Your goal
Please return each record below exactly, with nothing left out.

......

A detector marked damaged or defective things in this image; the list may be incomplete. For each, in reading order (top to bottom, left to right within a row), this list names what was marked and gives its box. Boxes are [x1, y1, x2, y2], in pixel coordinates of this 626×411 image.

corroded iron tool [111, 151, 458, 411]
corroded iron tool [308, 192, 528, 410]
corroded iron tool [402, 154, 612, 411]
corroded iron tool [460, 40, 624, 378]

......

Written solution
A detector marked damaged or defective things in this image; the list may be incomplete. For each, in reading order (top to bottom, left to right within a row), this list names what was marked and gives its box. Boxes are [x1, y1, x2, y2], in pixel coordinates of this 626×411 image.

corroded iron tool [111, 151, 458, 411]
corroded iron tool [308, 192, 528, 410]
corroded iron tool [402, 154, 612, 411]
corroded iron tool [460, 40, 624, 378]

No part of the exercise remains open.